# Granturismo WP's (56k advisory)



## Battou (Nov 19, 2007)

I have mentioned a couple times I do the videogames thing. Well with one of the video games I have enjoy putting together some WP's for my computer. I assemble these using a photo I took with the Photomode on GT4. I directreferanced the Granturismo logo and redid it so I could use the transparency on it as well as the "real driving simulator" portion of the name so I could change the color and again use the transparency all on Microsoft Photodraw.

Originals are 1024X768  





















*EDIT*




V this was the first V




V this is my current, Additionally I added some grain to this one, I felt it gives it a more era correct feel V




*END EDIT*

Now since the Photo mode operates like any normal SLR to capture the image feel free to critique the underlying photography.

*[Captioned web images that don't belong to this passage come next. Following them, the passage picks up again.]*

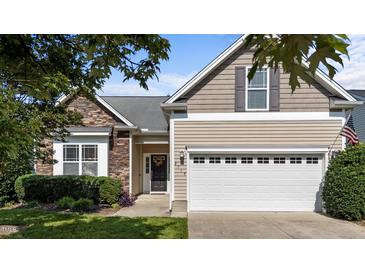 Charming home featuring a stone facade, neutral siding, a two-car garage, and manicured landscaping at 2117 Crockett Ridge Rd, Fuquay Varina, NC 27526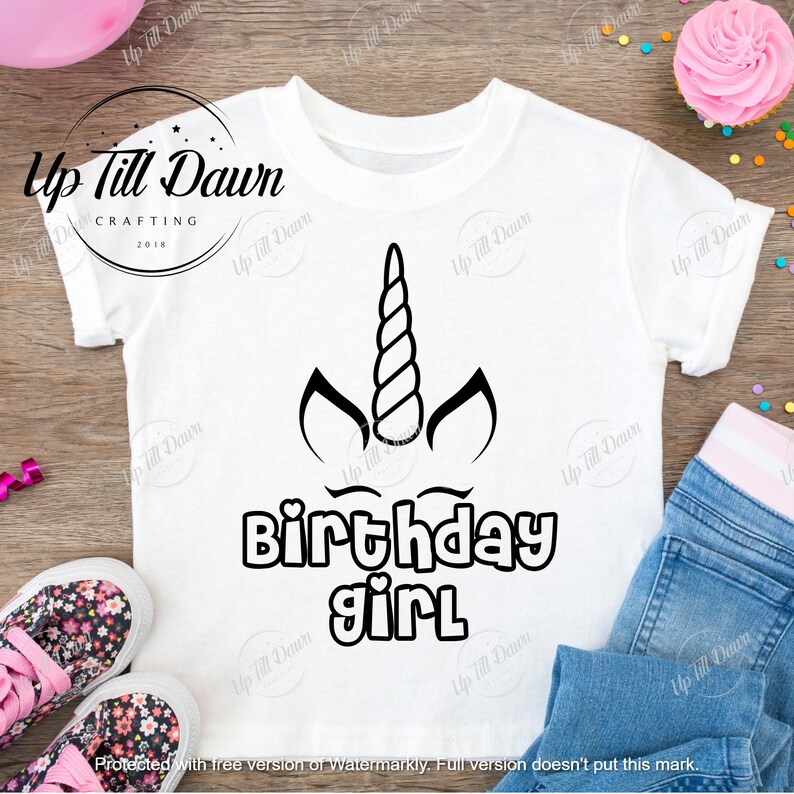 May include: White t-shirt with a black unicorn design and the text "Birthday girl".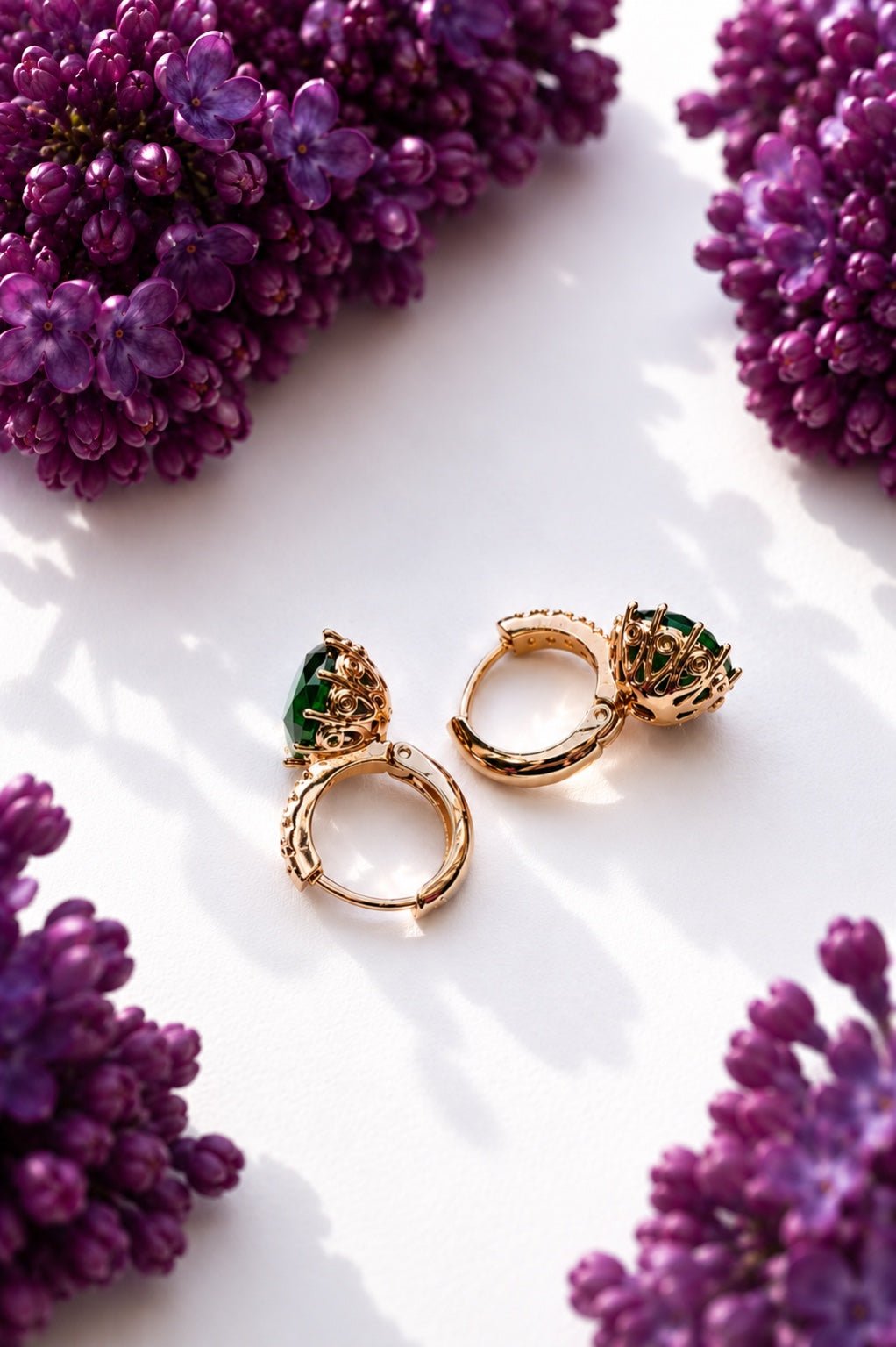 18k gold plated earrings with green cubic zirconia between purple lilacs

I have a few more but I have to get them uploaded to PB so, I'll post them later on tonight.


----------



## Battou (Nov 19, 2007)

new ones


----------



## chinpokojed (Apr 9, 2008)

Nice -- GT3 & 4 are the only games I own for the PS2 

Looks like a nice bump draft in that first pic, is that you driving?  I've never played with the photomode so I'm not sure how it works.


----------



## Iron Flatline (Apr 9, 2008)

Nice.

I just GT5 Prologue... and though I am UNBELIEVABLY EXCITED to have it... it's a little thin. Only a few tracks, no after-market parts or customization, no free lapping, no Ghosts, nothing really... and heavy Japanese car bias... I mean come on, the new GT-R is going to be _phat_, but it's not going to beat a Ford GT or a Ferrari 430.


----------



## Battou (Apr 9, 2008)

chinpokojed said:


> Nice -- GT3 & 4 are the only games I own for the PS2
> 
> Looks like a nice bump draft in that first pic, is that you driving?  I've never played with the photomode so I'm not sure how it works.

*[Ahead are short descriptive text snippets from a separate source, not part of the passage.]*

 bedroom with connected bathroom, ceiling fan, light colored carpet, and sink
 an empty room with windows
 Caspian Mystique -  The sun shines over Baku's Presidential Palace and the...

Yes, I was Driving the FTO in the Tokyo Endurance event. In all of the race ones  I was in control of one of the cars pictured. I have a fondness for the FTO race car for the JGTC events, It's the only way to have a challence out of it. As much as I love my Penzoil Nismo, it's just too dominate there...even with bad oil and no extra parts. 

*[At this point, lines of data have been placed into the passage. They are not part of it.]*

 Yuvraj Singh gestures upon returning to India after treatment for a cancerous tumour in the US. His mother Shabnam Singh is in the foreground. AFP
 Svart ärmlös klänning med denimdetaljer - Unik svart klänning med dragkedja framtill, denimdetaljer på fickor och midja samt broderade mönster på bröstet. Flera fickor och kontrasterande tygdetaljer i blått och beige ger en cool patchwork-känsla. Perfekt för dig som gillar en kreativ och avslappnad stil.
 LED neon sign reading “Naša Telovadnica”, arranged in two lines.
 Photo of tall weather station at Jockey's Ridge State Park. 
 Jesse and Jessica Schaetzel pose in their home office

I have another thread specifically for pictures from the photomode if you ever wante to tinker with it.

http://thephotoforum.com/forum/showthread.php?t=92499



Iron Flatline said:


> Nice.
> 
> I just GT5 Prologue... and though I am UNBELIEVABLY EXCITED to have it... it's a little thin. Only a few tracks, no after-market parts or customization, no free lapping, no Ghosts, nothing really... and heavy Japanese car bias... I mean come on, the new GT-R is going to be _phat_, but it's not going to beat a Ford GT or a Ferrari 430.



Sounds like they dropped the photo mode I guess there is only one thing to do


Ralley for it in the next one 


GT5 Prologue is one of only two games that has my thinking about geting a PS3, but my budget is telling me I am going to have to continue waiting sadly  



I also have a few other WP somewhere, I'll have to dig them up.


----------